Potrebbe essere l’avarizia di Apple, per la precisione la riluttanza a ricompensare gli hacker che scoprono falle nel suo software, la carta segreta dell’FBI per violare l’iPhone di San Bernardino. Il New York Times ipotizza che l’FBI potrebbe avere trovato il modo di sbloccare l’iPhone del terrorista che ha ucciso 14 persone in California, contando su un “pirata” in possesso delle informazioni per farlo; anziché venderle ad Apple che non avrebbe pagato il suo lavoro, questo avrebbe deciso di monetizzare la sua scoperta vendendo la vulnerabilità all’FBI.

Il quadro della vicenda è noto da tempo: nella Silicon Valley aziende come Google, Microsoft, Facebook, Twitter e Mozilla,  pagano taglie ai cacciatori di bug. Uber ha recentemente annunciato un programma di ricompense; Google ha pagato 6 milioni di dollari da quando nel 2010 ha annunciato il suo programma di taglie e recentemente portato a 100.000$ la ricompensa offerta a chi dimostra vulnerabilità nei Chromebook. In questo modo molte aziende, in particolare Microsoft, hanno migliorato di molto la loro sicurezza, sommando un bug fix dopo l’altro.

Apple invece, anziché affidarsi a programmi che mettono in palio taglie, ha finora preferito distribuire le versioni preliminari di  sistemi operativi e aggiornamenti, facendo test su larga scala con utenti che accettano di provare in anteprima le nuove release e comunicano eventuali bug individuati. Quando viene trovato un bug, Cupertino si limita a ringraziare chi ha individuato la vulnerabilità nei dettagli dei security update e nell’elenco delle vulnerabilità CVE (Common Vulnerabilities and Exposures), il dizionario di vulnerabilità e falle di sicurezza note pubblicamente. L’idea è quella di consentire a bravi hacker “bianchi” di farsi notare; ma i professionisti del codice, gli hacker “grigi” esperti di sicurezza e che lavorano quotidianamente per guadagnarsi da vivere con la vivisezione dei sistemi operativi e delle applicazioni, non hanno nessun interesse ad inviare segnalazioni ad Apple, preferendo tenere per sé le scoperte e venderle al miglior offerente che in questo caso è una agenzia governativa, ma che potrebbero essere anche malintenzionati.
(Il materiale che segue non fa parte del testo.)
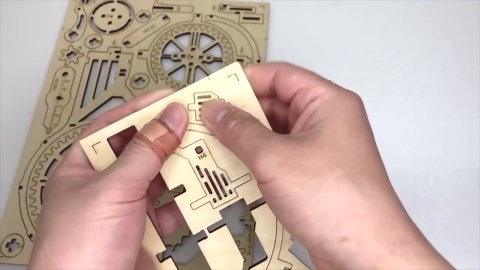 How to Build a Wooden and Metal Ball Gear Slide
È noto che nel mondo, particolarmente in Cina, ci sono aziende che offrono pubblicamente denaro a chi cede loro vulnerabilità da sfruttare per il jailbreaking dei dispositivi iOS. In Cina, ad esempio, tutto ciò che ruota intorno al meccanismo di sblocco è una vera e propria industria, con hacker pagati profumatamente e trattati alla stregua di star dello spettacolo.

“Con la posta in gioco sempre più alta, se Apple vuole continuare a competere nel mondo moderno, deve rinnovare il suo approccio” spiega Katie Moussouris, funzionario a capo di HackerOne, una delle organizzazioni che aziende quali Yahoo, Dropbox e Uber, pagano per la gestione dei programmi di ricompensa.

Craig Federighi, vice presidente responsabile software engineering in Apple, ha spiegato che “la sicurezza è una corsa senza fine, qualcosa che puoi guidare ma mai vincere definitivamente”. “Il nostro team” ha spiegato ancora Federighi, “si adopera instancabilmente per stare un passo avanti ai criminali autori di attacchi informatici che cercando di ottenere informazioni personali, ma nonostante i nostri sforzi non esiste nulla di sicuro al 100%”.

Apple può sempre più affidarsi alla collaborazione di esperti in sicurezza o predisporre programmi che incentivino la divulgazione delle vulnerabilità ma secondo Jay Kaplan, ex analista della NSA e co-fondatore di Synack, (un’azienda che mette al lavoro hacker per scovare vulnerabilità in sistemi client), non sarà mai in grado di competere con quanto viene offerto dietro le quinte del mercato nero, un riferimento che esisterà sempre per chi è disposto a pagare cifre elevatissime per ottenere falle utilizzabili con tutti i sistemi.